524 F.Supp.3d 242
S.D.N.Y.2021Background
- Food for Thought, a New York catering business, purchased a Business Owners Policy from Sentinel that covered "Business Income" and "Extra Expense" only when suspension was "caused by direct physical loss of or physical damage to property," and included a Civil Authority clause requiring access be "specifically prohibited by order of a civil authority" as a direct result of a covered loss to property in the immediate area.
- In March 2020 New York State and City issued COVID-19 executive orders closing non-essential businesses and prohibiting gatherings; Food for Thought suspended operations and submitted claims under the Business Income, Extra Expense, and Civil Authority provisions.

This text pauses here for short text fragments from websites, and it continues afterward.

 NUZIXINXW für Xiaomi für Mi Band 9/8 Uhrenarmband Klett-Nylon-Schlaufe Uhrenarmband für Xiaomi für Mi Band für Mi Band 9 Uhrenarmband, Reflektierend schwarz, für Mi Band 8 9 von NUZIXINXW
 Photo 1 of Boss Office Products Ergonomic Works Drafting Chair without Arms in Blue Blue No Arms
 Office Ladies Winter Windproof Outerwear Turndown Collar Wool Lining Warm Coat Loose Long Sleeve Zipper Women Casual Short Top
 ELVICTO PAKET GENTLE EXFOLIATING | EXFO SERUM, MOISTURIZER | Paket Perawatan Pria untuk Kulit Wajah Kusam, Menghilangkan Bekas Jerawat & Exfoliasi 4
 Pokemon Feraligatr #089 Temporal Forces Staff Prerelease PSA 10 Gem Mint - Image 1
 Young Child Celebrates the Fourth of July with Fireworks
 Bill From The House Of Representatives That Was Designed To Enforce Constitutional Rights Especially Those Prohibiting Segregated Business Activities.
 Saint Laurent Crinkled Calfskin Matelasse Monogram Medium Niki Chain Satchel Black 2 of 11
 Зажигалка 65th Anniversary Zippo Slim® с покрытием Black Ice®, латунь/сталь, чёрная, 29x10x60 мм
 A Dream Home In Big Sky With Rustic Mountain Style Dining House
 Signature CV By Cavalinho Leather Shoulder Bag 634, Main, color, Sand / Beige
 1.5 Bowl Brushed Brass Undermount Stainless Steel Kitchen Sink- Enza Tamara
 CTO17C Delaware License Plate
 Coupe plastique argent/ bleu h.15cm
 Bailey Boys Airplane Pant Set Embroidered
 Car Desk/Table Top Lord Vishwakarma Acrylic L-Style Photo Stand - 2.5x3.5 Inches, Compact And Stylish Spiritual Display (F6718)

- Sentinel denied the claim; Food for Thought sued for breach of contract and declaratory relief. Sentinel moved to dismiss under Rule 12(b)(6).
- The Amended Complaint alleged loss of use of the premises and asserted the likely presence of COVID-19 on the property as the basis for physical loss or damage; it relied on state and local executive orders and public statements.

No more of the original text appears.